Friday, March 18, 2016

My favorite sage

Salvia, commonly called sage, is the largest genus of plants in the very large mint family, Lamiaceae. Within the genus, there are nearly a thousand species. They include a wide variety of growth forms such as shrubs, herbaceous perennials, and annuals. Some even have hallucinogenic properties.

There are salvias that are native to practically every region of the world. One that is native to the rocky soils in Central, West, and South Texas, as well as Mexico, is Salvia greggii, often called autumn sage or cherry sage. I grow many different kinds of salvia in my garden, but I have to admit a particular fondness for Salvia greggii.

These salvias are characterized by small, dull pale green, glandular, aromatic leaves. They are essentially small evergreen shrubs that have a loose, open growth. They normally have red flowers, although, through the work of horticulturists, you can now find them in many different colors, including orange, yellow, fuchsia, salmon, purple, red-violet, burgundy, as well as some with white variegation in the leaves.

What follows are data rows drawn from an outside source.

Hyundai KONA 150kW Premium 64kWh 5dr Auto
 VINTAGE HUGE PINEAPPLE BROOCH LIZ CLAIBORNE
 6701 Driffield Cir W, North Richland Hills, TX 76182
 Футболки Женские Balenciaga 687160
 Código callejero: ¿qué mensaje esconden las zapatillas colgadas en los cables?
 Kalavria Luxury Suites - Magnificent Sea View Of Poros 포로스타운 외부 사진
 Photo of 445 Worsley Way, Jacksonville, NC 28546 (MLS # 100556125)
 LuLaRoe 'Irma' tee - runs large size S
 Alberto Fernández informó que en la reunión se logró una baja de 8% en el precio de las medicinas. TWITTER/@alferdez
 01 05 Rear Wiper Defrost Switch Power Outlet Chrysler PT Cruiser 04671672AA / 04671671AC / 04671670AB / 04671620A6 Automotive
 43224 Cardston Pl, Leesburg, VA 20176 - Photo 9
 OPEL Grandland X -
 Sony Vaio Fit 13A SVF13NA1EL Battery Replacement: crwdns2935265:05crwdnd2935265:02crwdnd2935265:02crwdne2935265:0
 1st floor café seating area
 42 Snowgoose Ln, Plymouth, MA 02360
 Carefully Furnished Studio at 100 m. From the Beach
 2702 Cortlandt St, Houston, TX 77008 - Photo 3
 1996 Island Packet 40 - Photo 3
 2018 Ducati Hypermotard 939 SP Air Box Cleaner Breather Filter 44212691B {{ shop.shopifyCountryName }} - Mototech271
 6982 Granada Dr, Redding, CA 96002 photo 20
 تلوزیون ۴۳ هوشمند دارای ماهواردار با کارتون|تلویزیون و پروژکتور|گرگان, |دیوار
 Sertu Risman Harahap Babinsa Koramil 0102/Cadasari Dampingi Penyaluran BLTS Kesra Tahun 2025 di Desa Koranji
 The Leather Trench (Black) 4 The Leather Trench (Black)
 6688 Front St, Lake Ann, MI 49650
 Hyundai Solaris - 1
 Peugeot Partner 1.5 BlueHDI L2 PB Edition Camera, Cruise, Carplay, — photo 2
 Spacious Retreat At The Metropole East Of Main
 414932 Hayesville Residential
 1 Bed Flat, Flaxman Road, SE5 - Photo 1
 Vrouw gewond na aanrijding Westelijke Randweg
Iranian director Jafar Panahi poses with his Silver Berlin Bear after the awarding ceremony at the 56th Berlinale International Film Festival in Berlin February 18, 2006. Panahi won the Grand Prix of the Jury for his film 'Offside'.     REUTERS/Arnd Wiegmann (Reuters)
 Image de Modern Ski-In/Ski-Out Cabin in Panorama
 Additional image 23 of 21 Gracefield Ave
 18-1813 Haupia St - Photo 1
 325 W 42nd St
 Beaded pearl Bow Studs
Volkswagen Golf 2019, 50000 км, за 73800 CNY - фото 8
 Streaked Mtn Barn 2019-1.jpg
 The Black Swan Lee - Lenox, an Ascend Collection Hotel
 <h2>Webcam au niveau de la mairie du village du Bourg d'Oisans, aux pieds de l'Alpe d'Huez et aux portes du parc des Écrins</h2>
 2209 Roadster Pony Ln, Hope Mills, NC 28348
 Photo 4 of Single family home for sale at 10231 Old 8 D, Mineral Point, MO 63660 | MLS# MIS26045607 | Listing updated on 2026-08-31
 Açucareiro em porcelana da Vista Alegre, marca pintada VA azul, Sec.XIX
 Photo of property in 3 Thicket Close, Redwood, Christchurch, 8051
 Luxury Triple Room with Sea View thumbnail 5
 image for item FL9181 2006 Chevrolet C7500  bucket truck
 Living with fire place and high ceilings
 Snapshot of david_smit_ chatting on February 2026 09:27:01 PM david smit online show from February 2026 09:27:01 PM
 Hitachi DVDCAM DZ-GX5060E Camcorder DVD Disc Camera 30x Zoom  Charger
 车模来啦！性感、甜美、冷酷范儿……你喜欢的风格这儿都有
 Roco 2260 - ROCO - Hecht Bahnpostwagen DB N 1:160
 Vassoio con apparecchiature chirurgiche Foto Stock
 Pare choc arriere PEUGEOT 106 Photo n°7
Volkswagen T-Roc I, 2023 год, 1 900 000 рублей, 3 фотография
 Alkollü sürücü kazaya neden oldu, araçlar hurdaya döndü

This is the typical form of autumn sage with its cherry-colored flowers. 

A close-up of the flowers. Although the plant is known as "autumn sage," in our climate, the plants bloom sporadically throughout the year, but it usually reaches its peak of bloom at this time of year.

Another variety has flowers that start as red and turn white as they age. This particular variety is called 'Hot Lips.'

A close-up of the flowers shows how the plant got its name. Don't they look like red-lipsticked lips?
Salvia greggii can be pruned back hard in late winter and again by about a half in August in order to maintain a tidy shape or it can be allowed to grow and spread or sprawl as it does in Nature. I generally opt for the latter and just do occasional light pruning to keep it from entirely outgrowing its space.

The plants will grow in sun or partial sun. It even stands up to our broiling hot summer sun and it is drought tolerant, requiring little or no supplementary water and virtually no care - the perfect plant for lazy gardeners. And that's why it is my favorite sage. 

9 comments:

  1. That's a beautiful shrub with nice flowers.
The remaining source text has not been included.